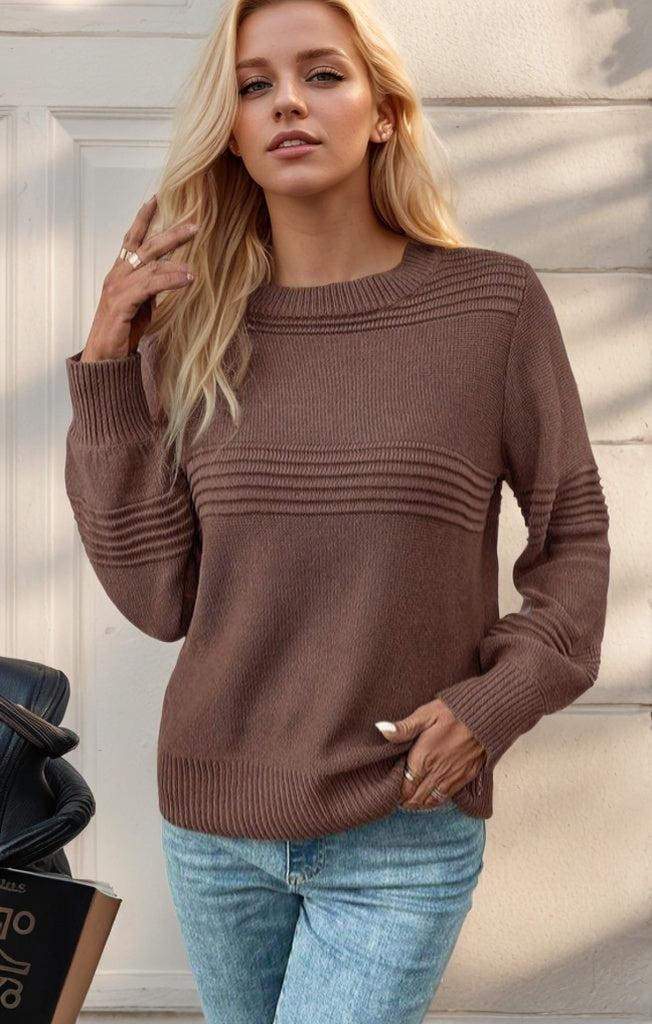 Coffee Plain Round Neck Sweater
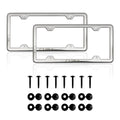 CUBA Print License Plate Frame Tag Holder Chrome S. Steel Set 2 Pcs.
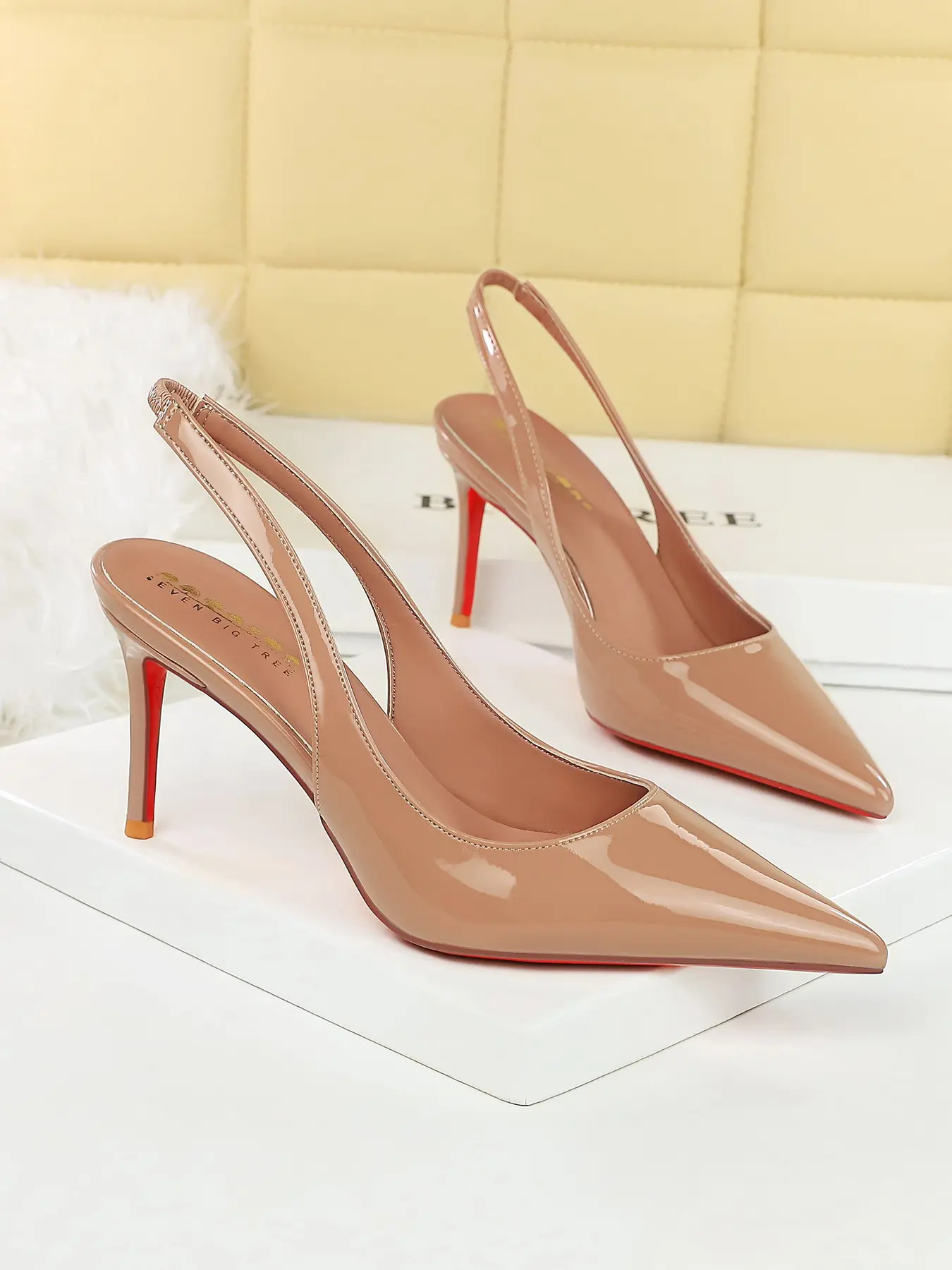 Women's PU Leather High Heels - Stylish Pointed Toe Shoes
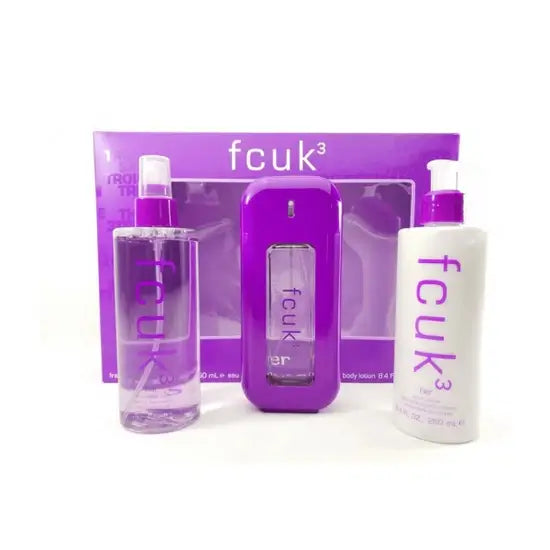 fcuk 3 Her Eau De Toilette 100ml Gift Set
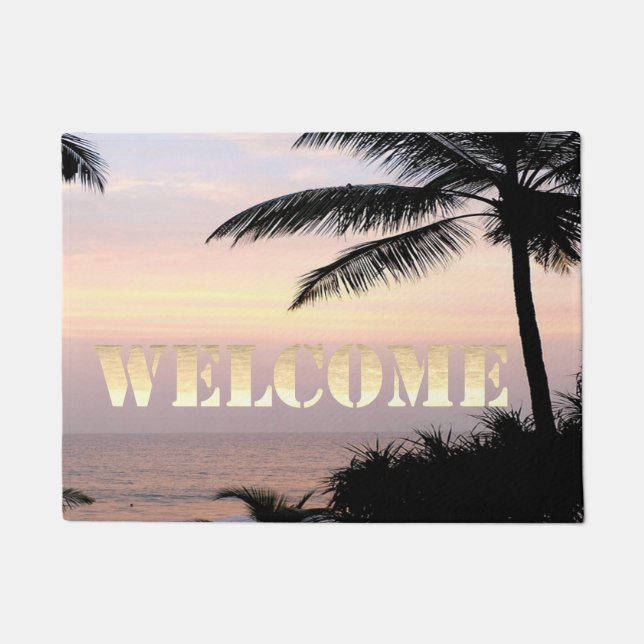 Paillasson Plage, Océan, Coucher de soleil, Palm, Bienvenue (Devant)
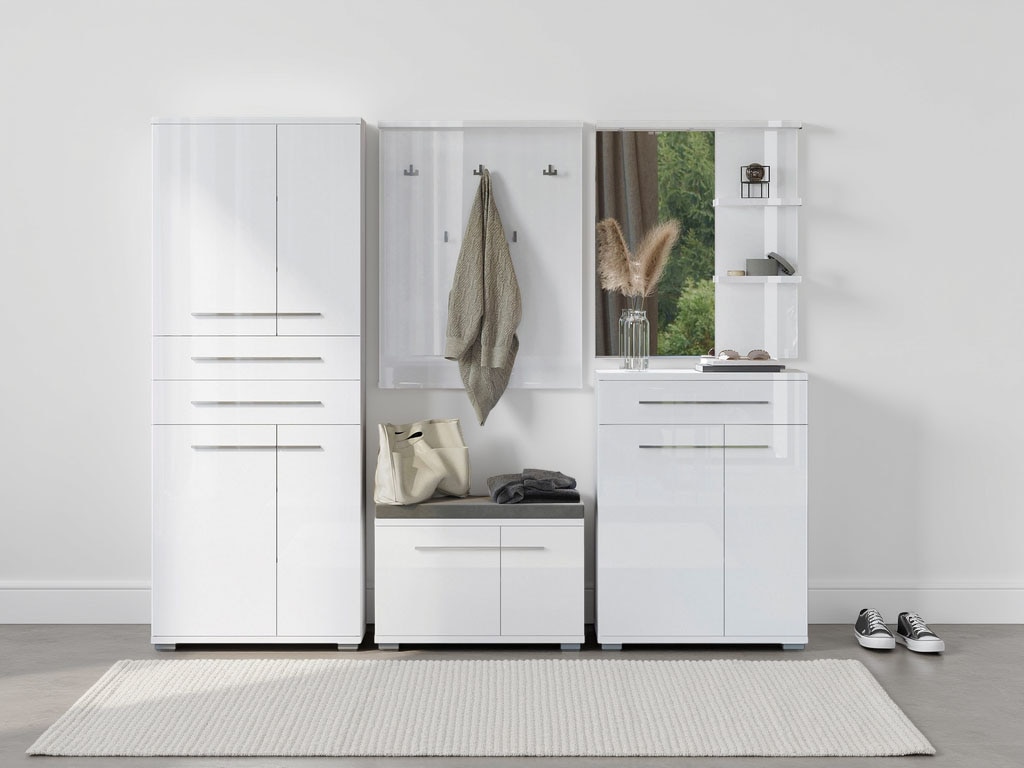 PLACES OF STYLE Garderoben-Set »Piano« Set, 5 Stk. tlg. Kristallweiß Hochglanz Flexibel stellbar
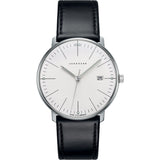 Junghans Max Bill Quartz Matt Silver Watch | Black Calfskin Strap 041/4817.04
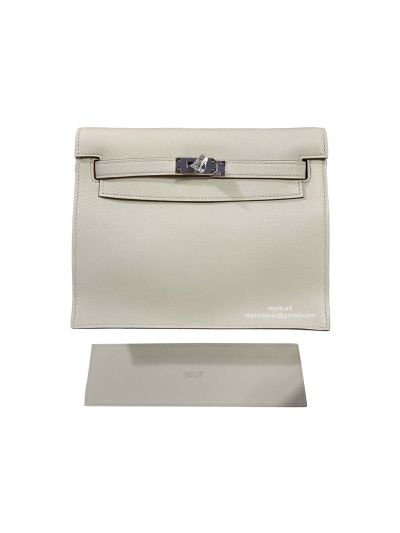 Hermes Kelly Danse II Bag White Evercolor Leather 22MM 522268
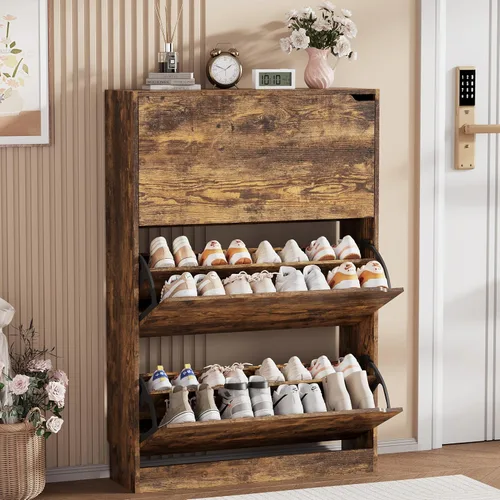 Miniatura 12 de Armario de almacenamiento de zapatos, organizador de zapatos de madera para entrada con 3 cajones abatibles, zapatero independiente con estante
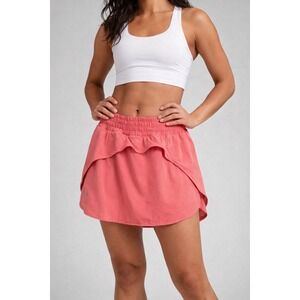 Lululemon Court Rival High Rise Skirt Pink Coral Athletic Skort Size 8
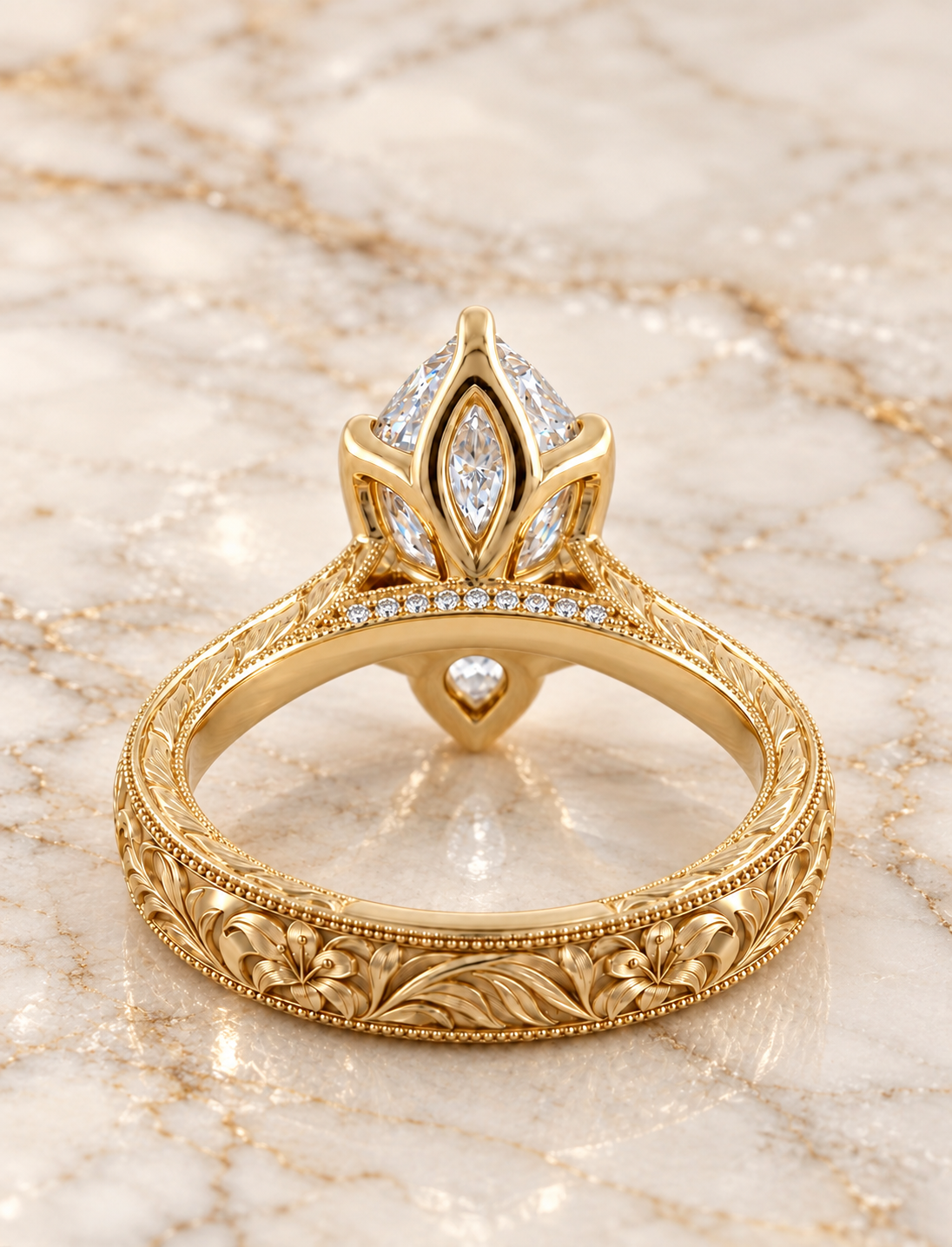 Marquise Lab Grown Diamond Engagement Ring, 14K Yellow Gold Floral Band (IGI Certified)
----------
*DESCRIPTION OF THE TASK*. Copy out all the data exactly. No images belong in the copy.

*SOLUTION*.
 Coffee Plain Round Neck Sweater
 CUBA Print License Plate Frame Tag Holder Chrome S. Steel Set 2 Pcs.
 Women's PU Leather High Heels - Stylish Pointed Toe Shoes
 fcuk 3 Her Eau De Toilette 100ml Gift Set
 Paillasson Plage, Océan, Coucher de soleil, Palm, Bienvenue (Devant)
 PLACES OF STYLE Garderoben-Set »Piano« Set, 5 Stk. tlg. Kristallweiß Hochglanz Flexibel stellbar
 Junghans Max Bill Quartz Matt Silver Watch | Black Calfskin Strap 041/4817.04
 Hermes Kelly Danse II Bag White Evercolor Leather 22MM 522268
 Miniatura 12 de Armario de almacenamiento de zapatos, organizador de zapatos de madera para entrada con 3 cajones abatibles, zapatero independiente con estante
 Lululemon Court Rival High Rise Skirt Pink Coral Athletic Skort Size 8
 Marquise Lab Grown Diamond Engagement Ring, 14K Yellow Gold Floral Band (IGI Certified)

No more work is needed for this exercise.